- **Problem**:
Would you please retype, exactly, the lines of the listing below between the line with "Interesting Story of" and the line with "Tuner Technics St600", inclusive?

- **Material shown**:
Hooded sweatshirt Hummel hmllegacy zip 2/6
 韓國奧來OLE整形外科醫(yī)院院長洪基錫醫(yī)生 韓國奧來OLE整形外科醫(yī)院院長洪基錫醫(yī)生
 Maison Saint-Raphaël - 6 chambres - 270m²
--
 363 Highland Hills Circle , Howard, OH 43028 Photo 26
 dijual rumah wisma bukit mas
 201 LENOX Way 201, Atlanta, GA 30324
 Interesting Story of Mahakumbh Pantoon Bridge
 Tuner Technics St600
==
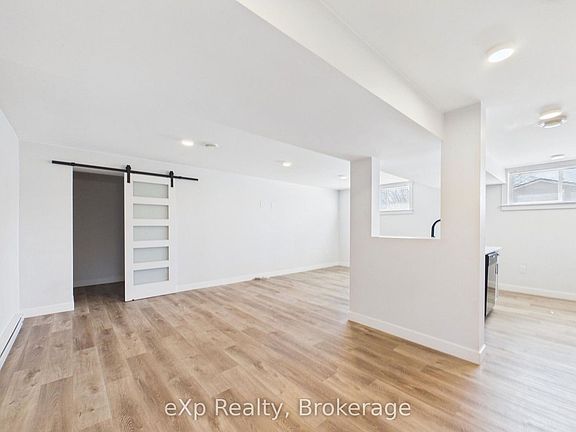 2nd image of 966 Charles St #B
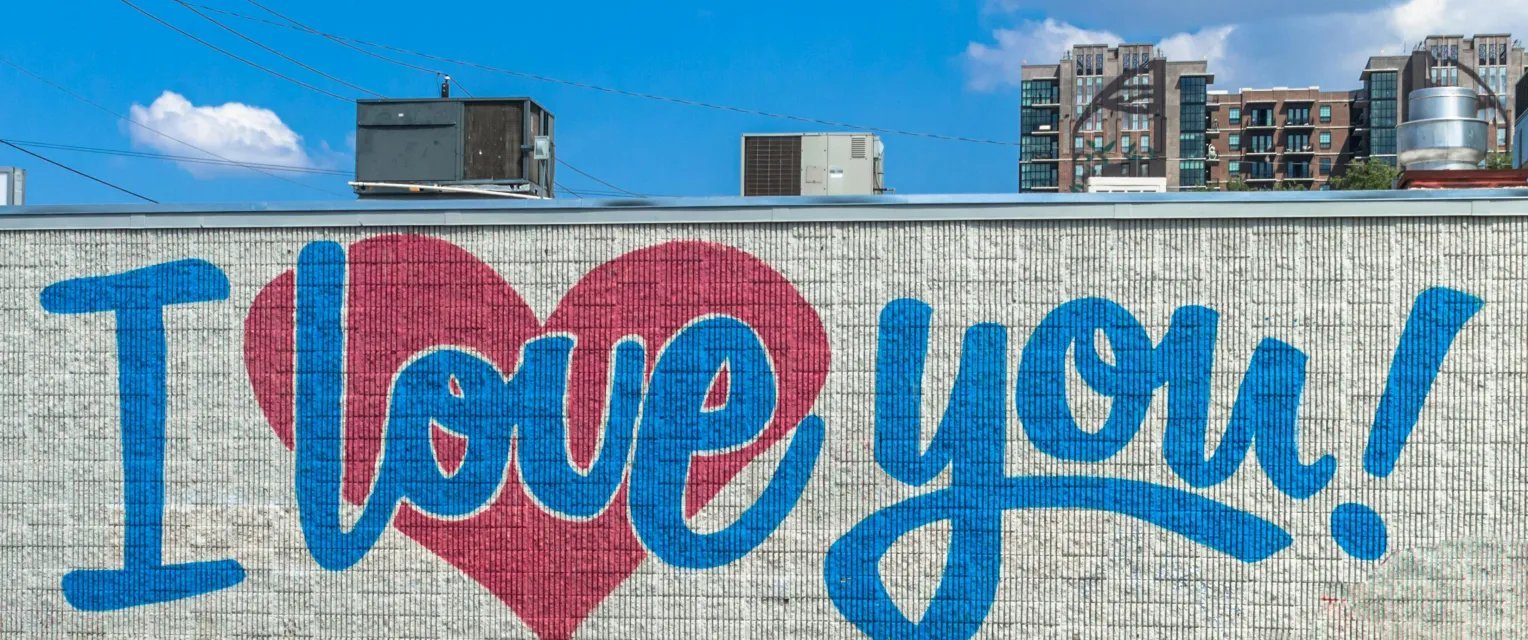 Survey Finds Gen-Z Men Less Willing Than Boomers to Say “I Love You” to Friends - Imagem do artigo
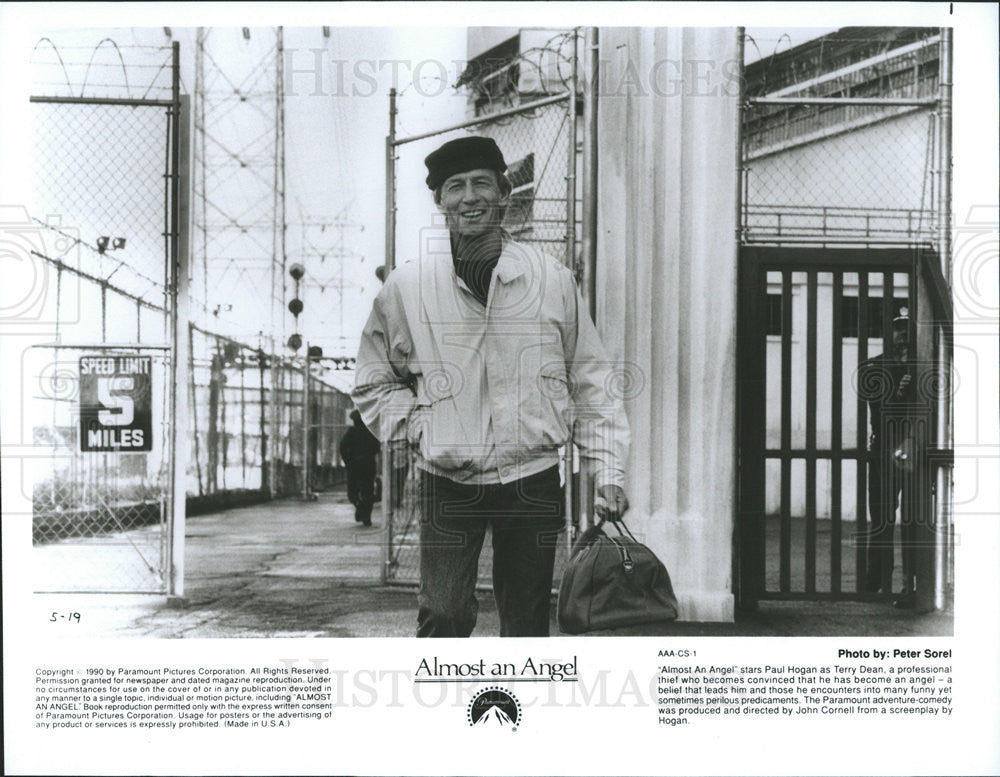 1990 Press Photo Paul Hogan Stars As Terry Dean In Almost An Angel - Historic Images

- **Response to the task**:
 Interesting Story of Mahakumbh Pantoon Bridge
 Tuner Technics St600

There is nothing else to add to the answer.